PRIME is a hierarchical graph representation learning framework that models proteins as a nested family of five physically grounded structural graphs spanning surface, atomic, residue, secondary-structure, and protein levels.
Install the required dependencies:
pip install -r requirements.txtStep 1: Download processed data from ProteinWorkshop
Download the preprocessed datasets and standard splits from the ProteinWorkshop repository. Follow their instructions to download the datasets for the tasks you wish to evaluate:
- Fold Classification
- Reaction Class Prediction
- Gene Ontology Prediction
- PPI Site Prediction
Step 2: Build hierarchical graphs
Before training, you need to construct the hierarchical protein graphs for each task. Open utils/hierarchical_graph.sh and configure the paths and task name for your specific setup, then run:
bash utils/hierarchical_graph.shThis script processes the raw protein structures and builds the five-level hierarchical graph representation for each protein in the dataset.

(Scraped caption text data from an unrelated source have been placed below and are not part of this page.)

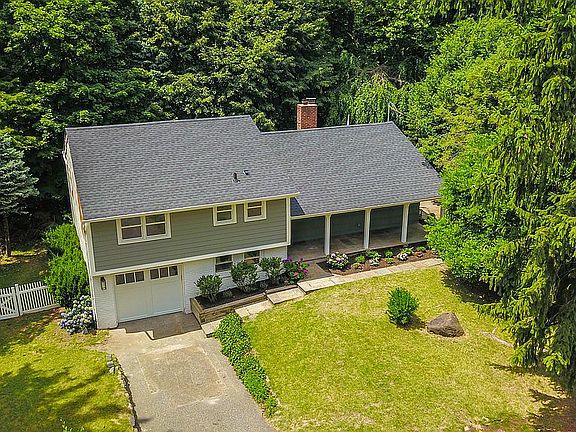 2nd image of 7 Woodridge Ln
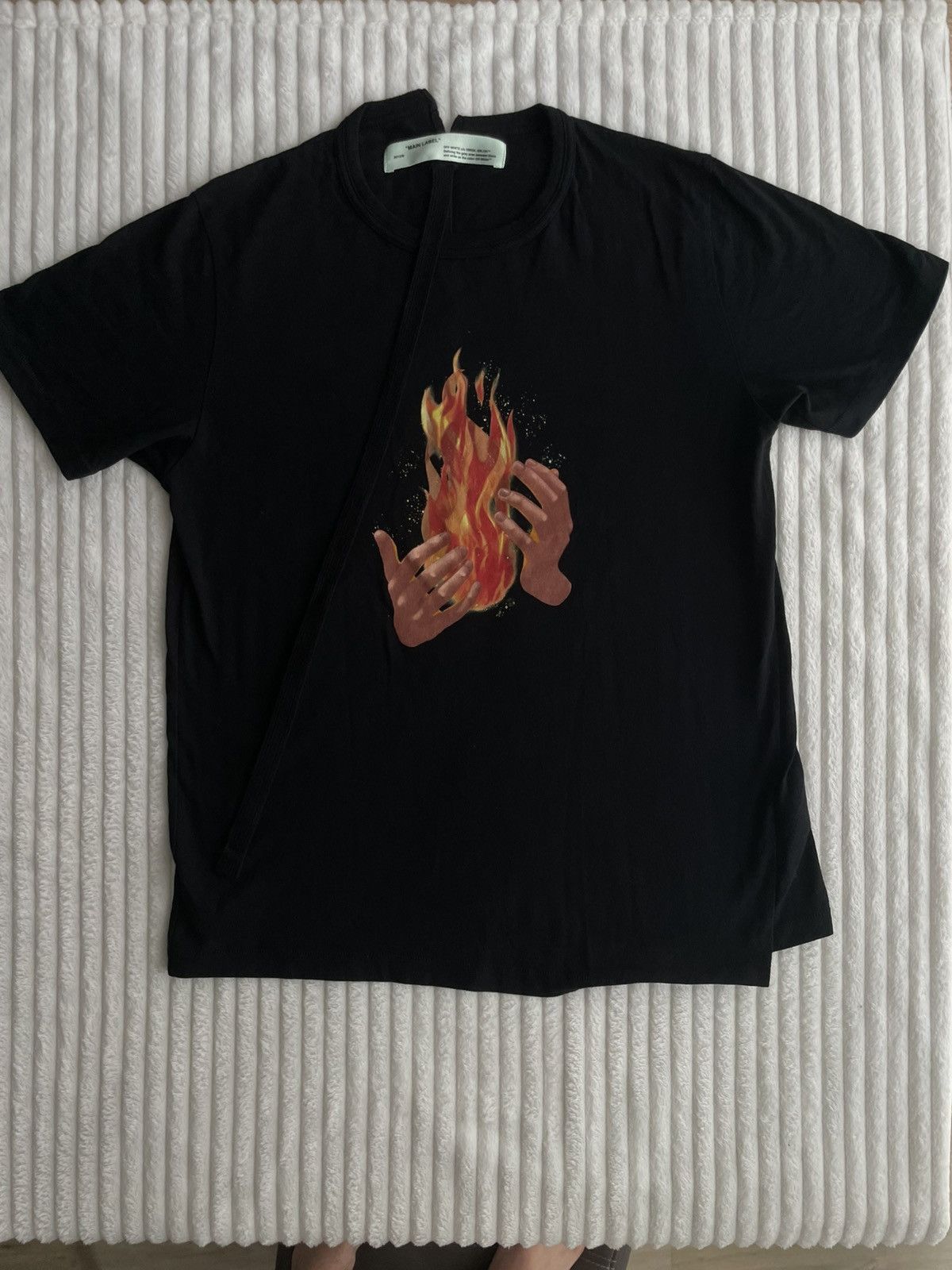 Off-White Off-White “Fire Hands” Tee, Black, Size L, Made in Portugal Size US L / EU 52-54 / 3 - 1 Thumbnail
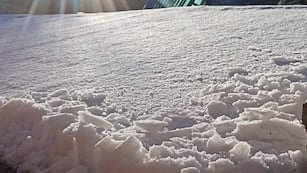 La nieve llegó con fuerzas al Cerro Champaquí.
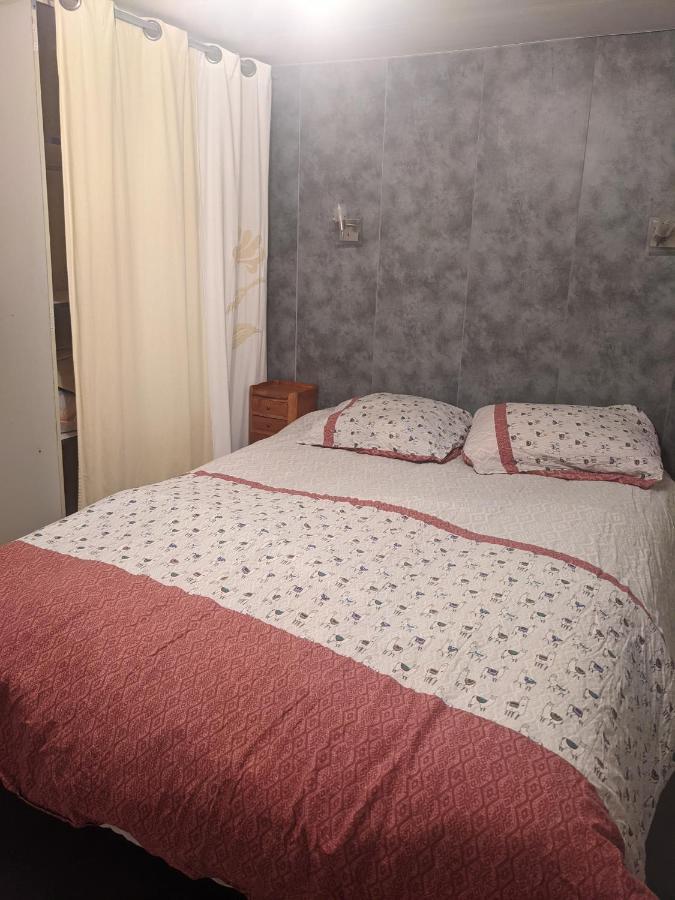 Mobile Home Situe Au Coeur Du Lac Blangy-le-Chateau Ngoại thất bức ảnh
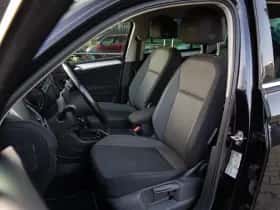 Volkswagen Tiguan (2017) thumbnail 3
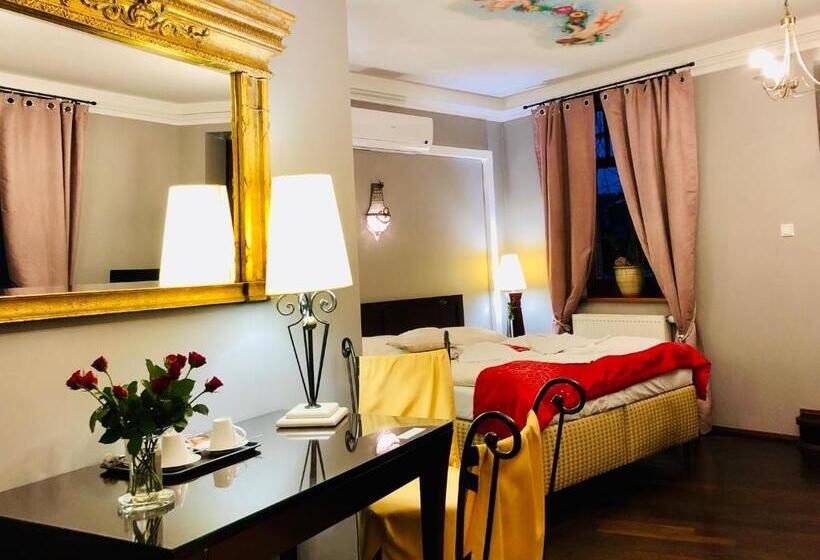 إستديو عائلى, Restauracja   Hotel Mocca D Oro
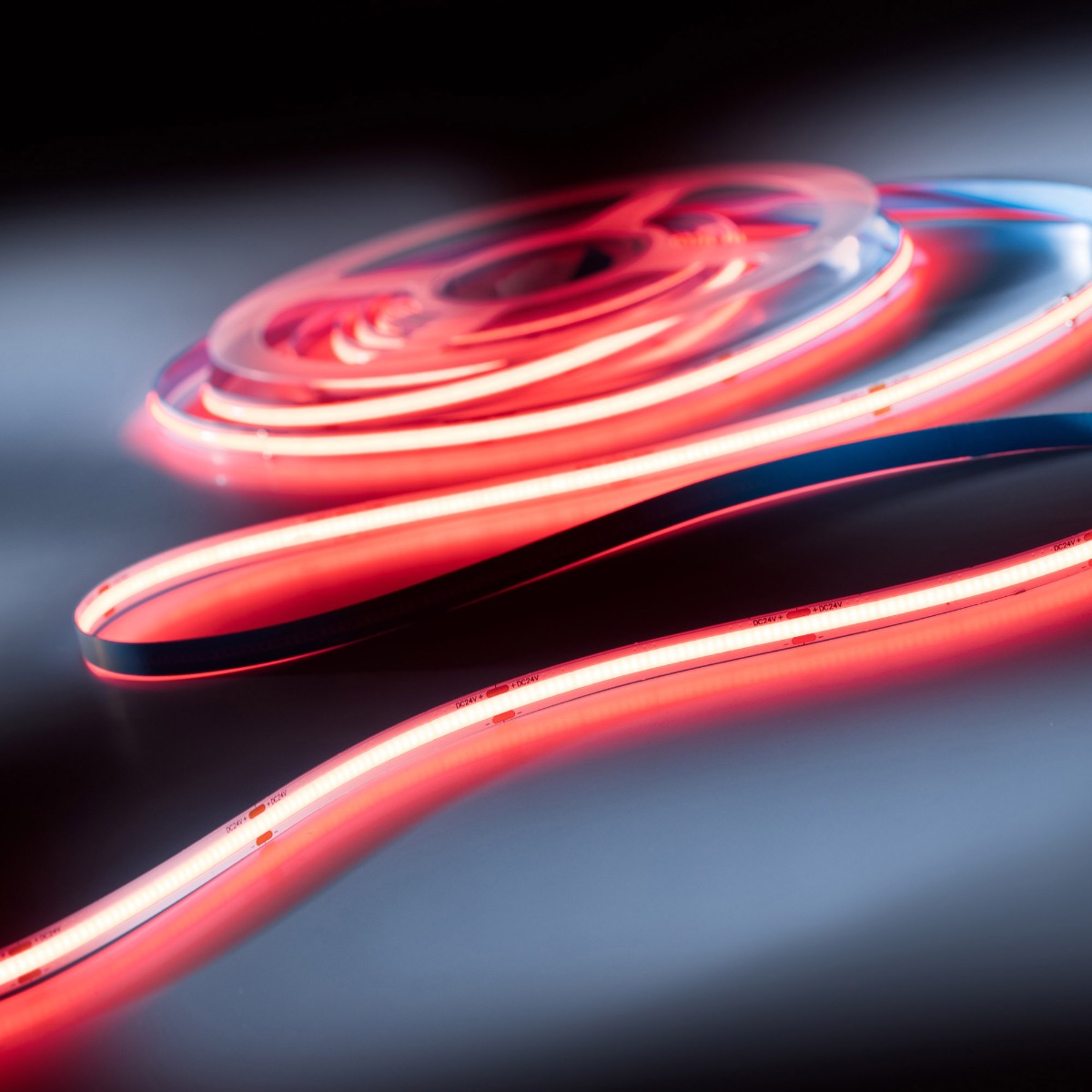 Striscia LED COB LumiFlex a luce continua Rosso 626nm 1875lm 24V Rotolo da 5 m (375lm/m e 11,7W/m)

Open train_prime.sh and configure the following settings for your specific usage:
- Task name
- Active hierarchy levels
- Readout level
- Output checkpoint path
- Any other hyperparameters
Then run:
bash train_prime.shOpen test_prime.sh and configure the checkpoint path and task settings, then run:
bash test_prime.shAll model and training hyperparameters are managed through the configuration files in the config/ directory. Please review and update the relevant config file before running any scripts.
@misc{nguyen2026primeproteinrepresentationphysicsinformed,
title={PRIME: Protein Representation via Physics-Informed Multiscale Equivariant Hierarchies},
author={Viet Thanh Duy Nguyen and John K. Johnstone and Truong-Son Hy},
year={2026},
eprint={2605.01625},
archivePrefix={arXiv},
primaryClass={cs.LG},
url={https://arxiv.org/abs/2605.01625},
}This project is licensed under the MIT License. See the LICENSE file for details.